:: WHAT IS EXPECTED ::
Images excepted, the data below must be repeated exactly.

Short web captions

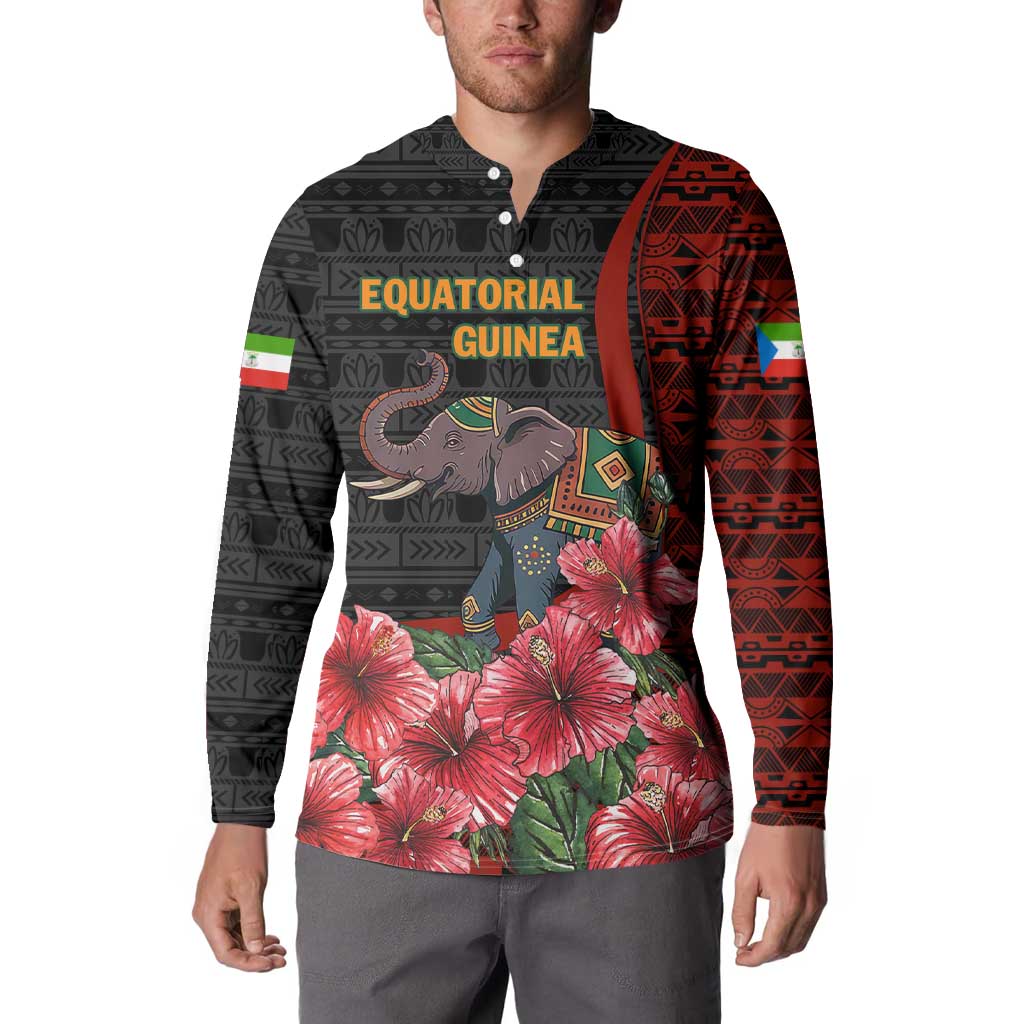 Equatorial Guinea Elephant Button Sweatshirt with Hibiscus Flowers and Tribal Patterns
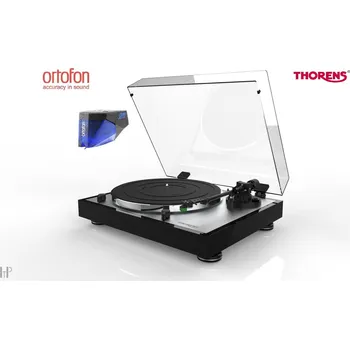 Gramofon Thorens TD 402 DD Piano + Ortofon 2M BLUE - gramofonový přístroj s přímým pohonem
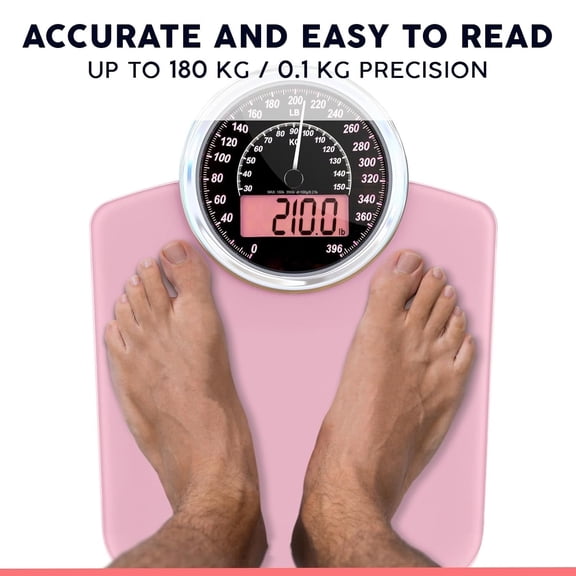 2-in-1 Analog & Digital Weighing Scale for Body Weight up to 400lbs - Thick Tempered Glass - Extra Large Display - Easy to Read Digital Bathroom Scale - New - Pink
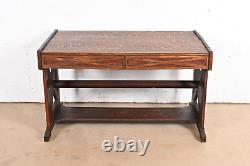 Limbert Style Antique Mission Tiger Oak Arts & Crafts Trestle Library Table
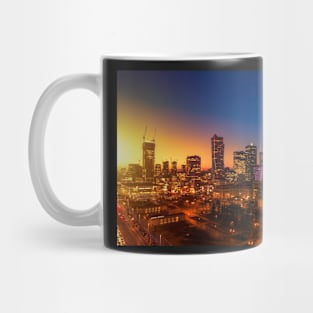 Warsaw city center aerial view Mug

:: OUTPUT FOR THIS TASK ::
 Equatorial Guinea Elephant Button Sweatshirt with Hibiscus Flowers and Tribal Patterns
 Gramofon Thorens TD 402 DD Piano + Ortofon 2M BLUE - gramofonový přístroj s přímým pohonem
 2-in-1 Analog & Digital Weighing Scale for Body Weight up to 400lbs - Thick Tempered Glass - Extra Large Display - Easy to Read Digital Bathroom Scale - New - Pink
 Limbert Style Antique Mission Tiger Oak Arts & Crafts Trestle Library Table
 Warsaw city center aerial view Mug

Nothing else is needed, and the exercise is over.